Brief descriptive captions →
=======
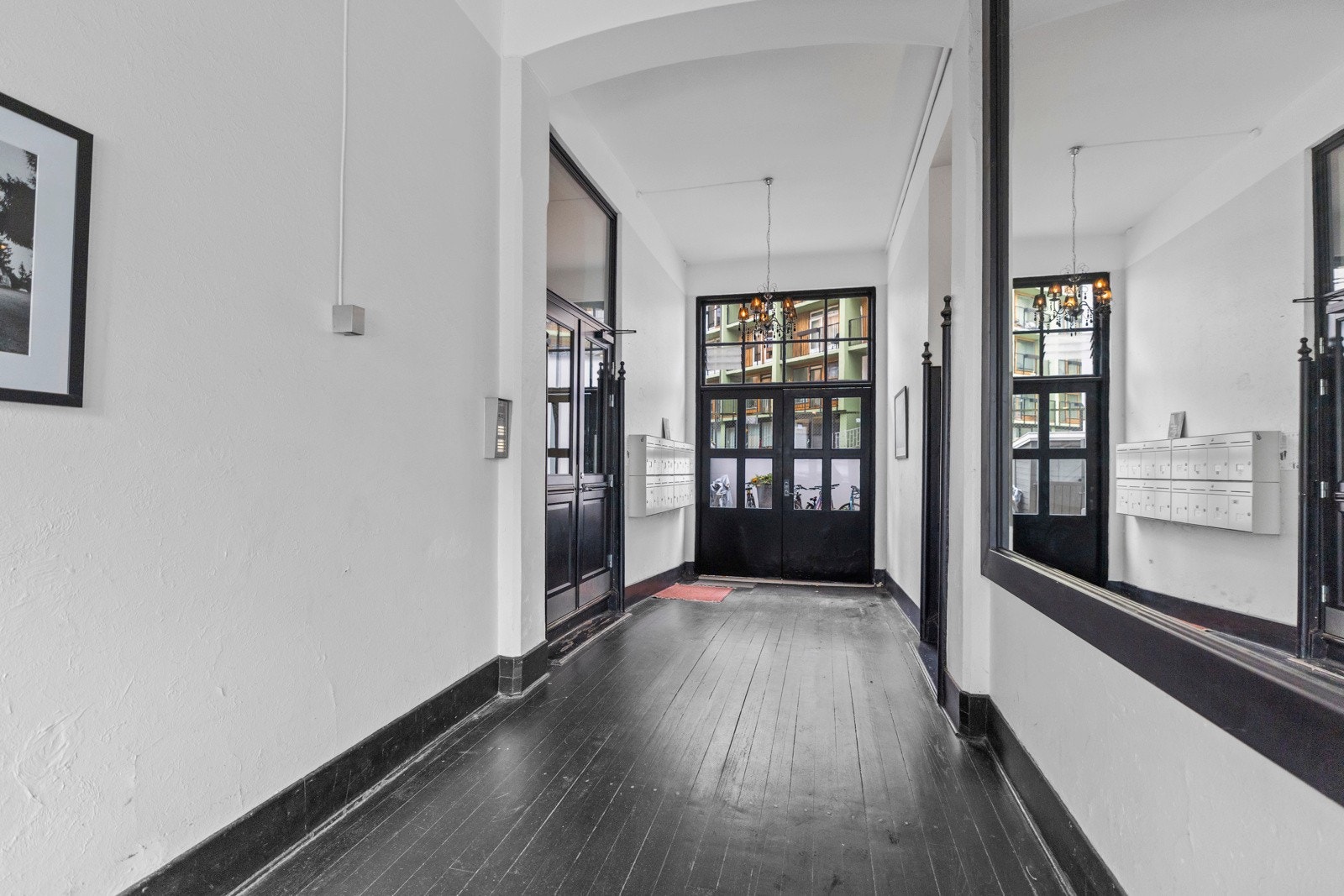 Klassisk Frogner-oppgang med original sjel og moderne preg - en verdig inngang til en eksklusiv leilighet. Galleribilde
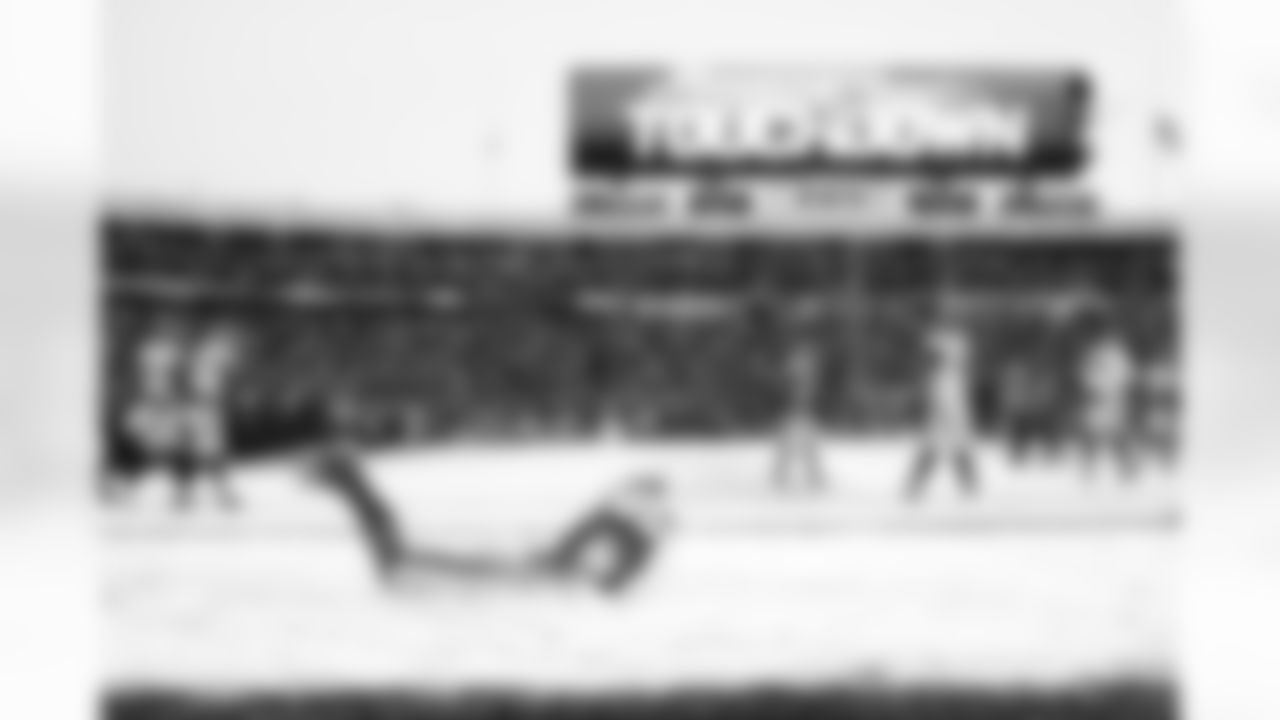 James Cook (4). Buffalo Bills vs Cincinnati Bengals, Regular Season, December 07, 2025 at Highmark Stadium.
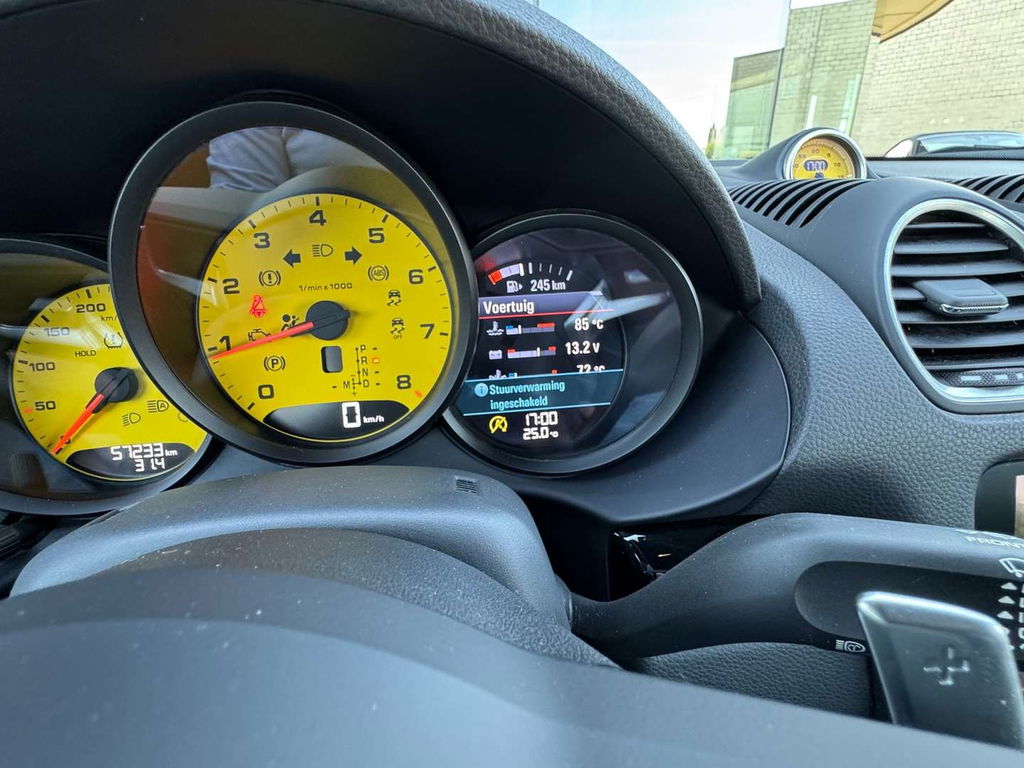 Porsche 718 Cayman T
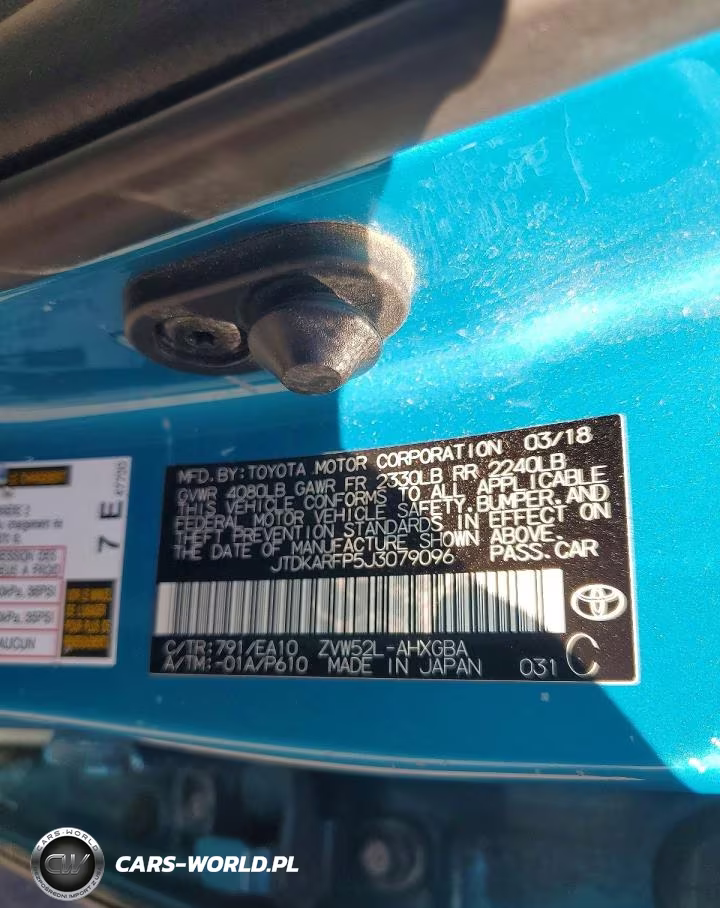 2018 Toyota Prius Prime Advanced VIN:JTDKARFP5J3079096 - 12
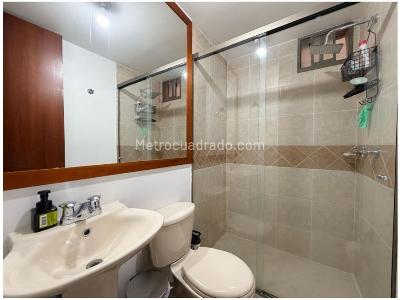 Apartamento de 3 alcobas en venta en El Poblado, Medellín, 121 m² · foto 18 de 20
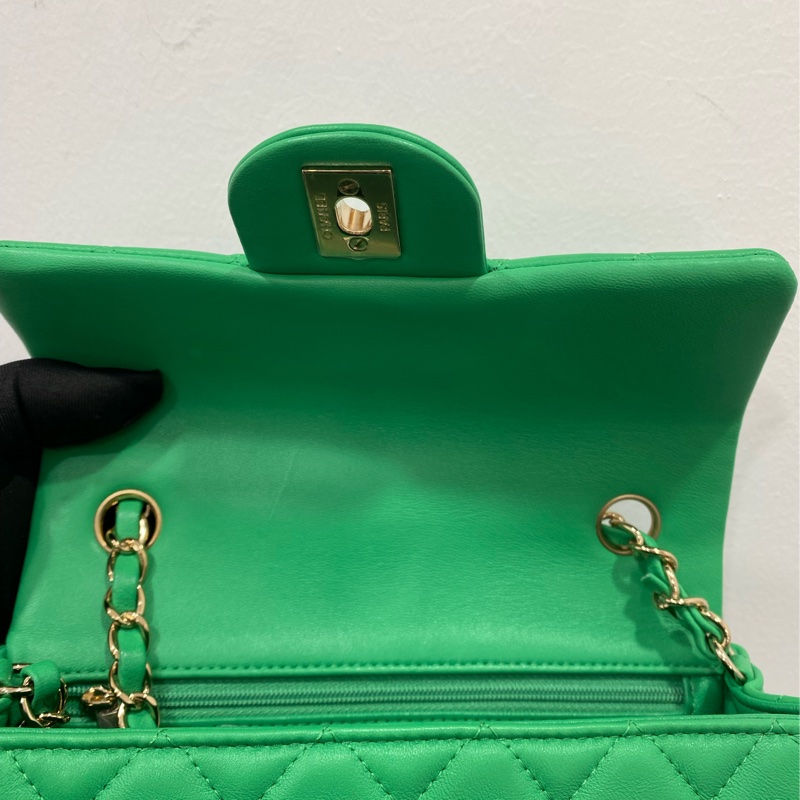 99新Chanel/香奈兒cf大mini發財綠 小羊皮 29開 尺寸20*14*6-8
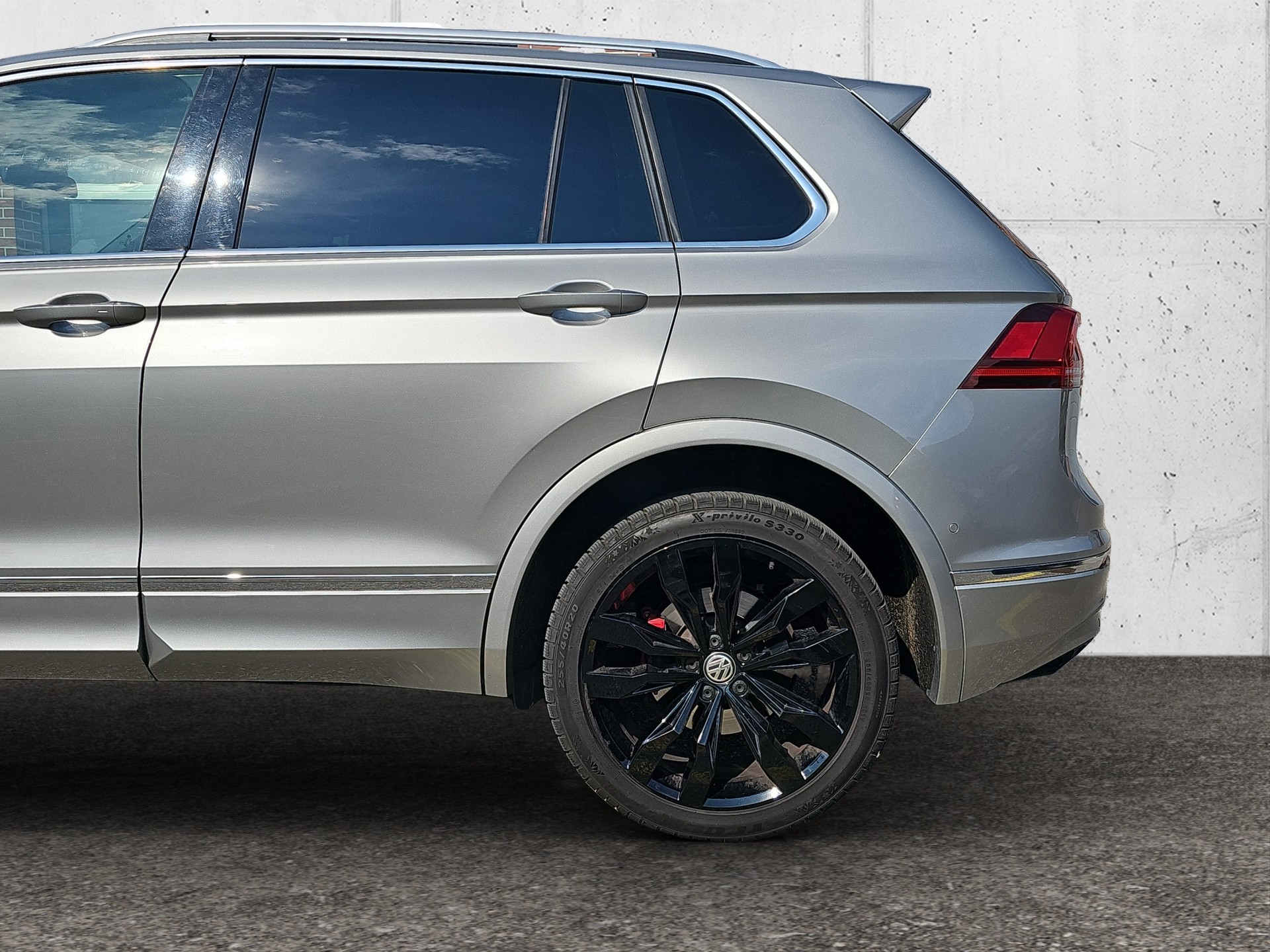 VW Tiguan 2.0 TDI SCR Highline 4Motion DSG-image-5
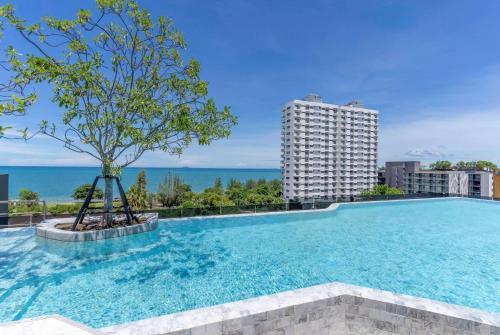 Howard Johnson by Wyndham Pattaya JC - Tap to explore photos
=======
In the records above, find the line that contains "Porsche 718 Cayman T". Retype it and every line after it, exactly, leaving out all pictures.

 Porsche 718 Cayman T
 2018 Toyota Prius Prime Advanced VIN:JTDKARFP5J3079096 - 12
 Apartamento de 3 alcobas en venta en El Poblado, Medellín, 121 m² · foto 18 de 20
 99新Chanel/香奈兒cf大mini發財綠 小羊皮 29開 尺寸20*14*6-8
 VW Tiguan 2.0 TDI SCR Highline 4Motion DSG-image-5
 Howard Johnson by Wyndham Pattaya JC - Tap to explore photos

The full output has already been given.